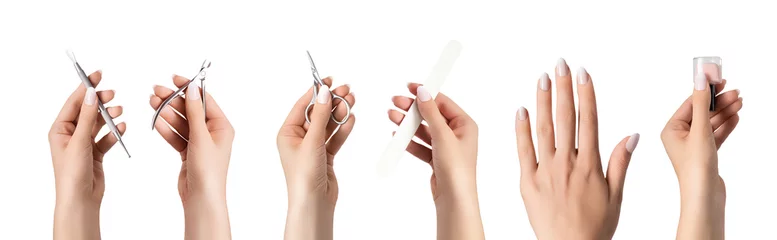 Fotobehang Manicure advertentiebanner. Vrouwelijke hand houden manicure tools, nagellak fles. Vrouwelijke hand met wit nagelontwerp. © devmarya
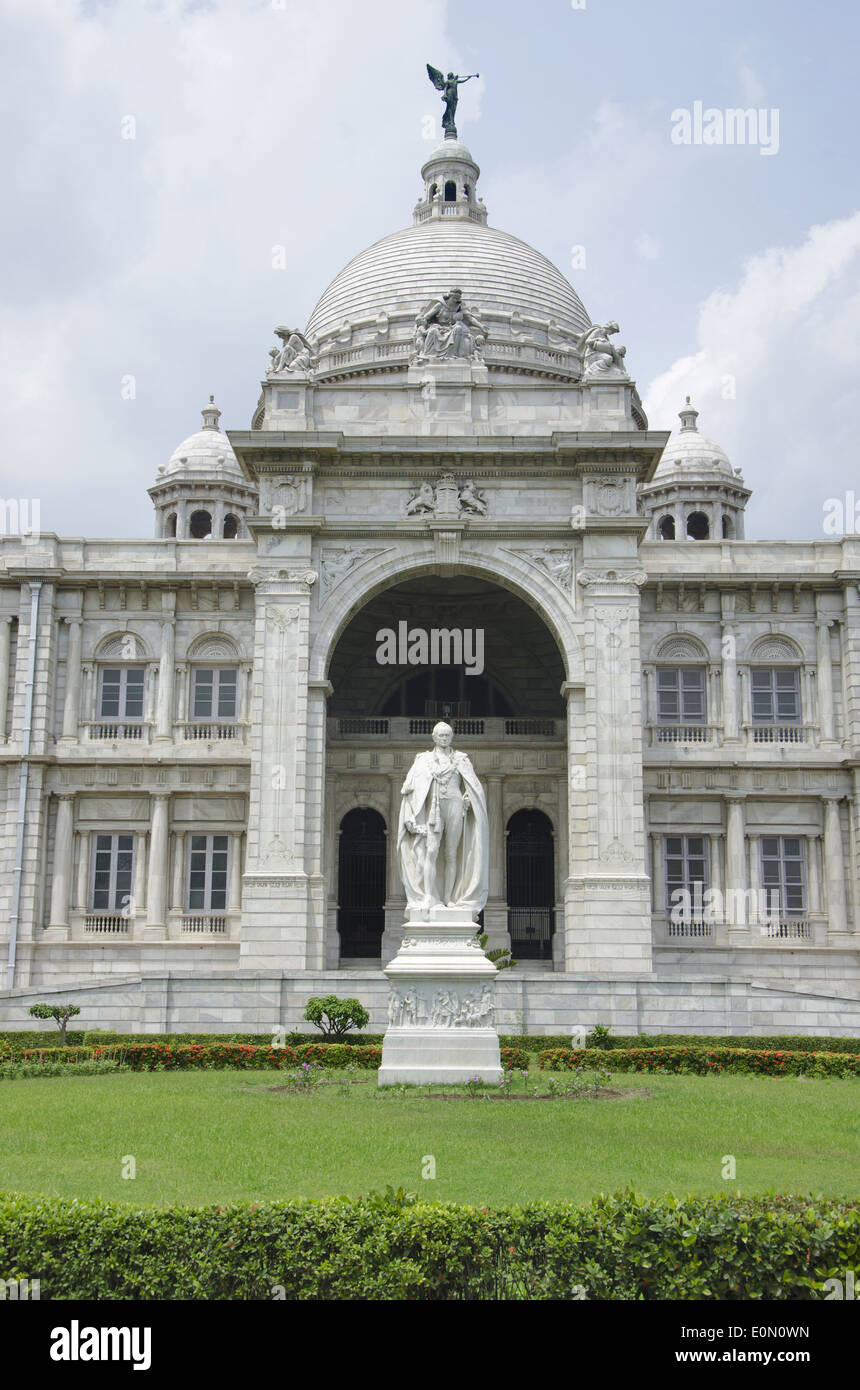 Vue partielle de l'Édifice commémoratif Victoria avec statue de Lord Curzon, Kolkata, West Bengal, India. Banque D'Images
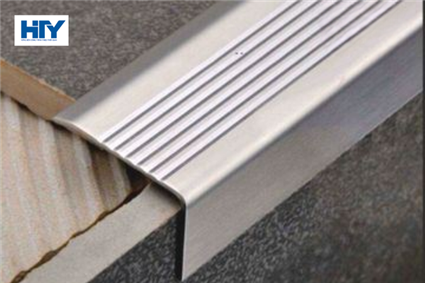 Nẹp chống trơn inox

....

Aim of the exercise
Write the data out again exactly, but without its images.

Answer for the task
 Fotobehang Manicure advertentiebanner. Vrouwelijke hand houden manicure tools, nagellak fles. Vrouwelijke hand met wit nagelontwerp. © devmarya
 Vue partielle de l'Édifice commémoratif Victoria avec statue de Lord Curzon, Kolkata, West Bengal, India. Banque D'Images
 Nẹp chống trơn inox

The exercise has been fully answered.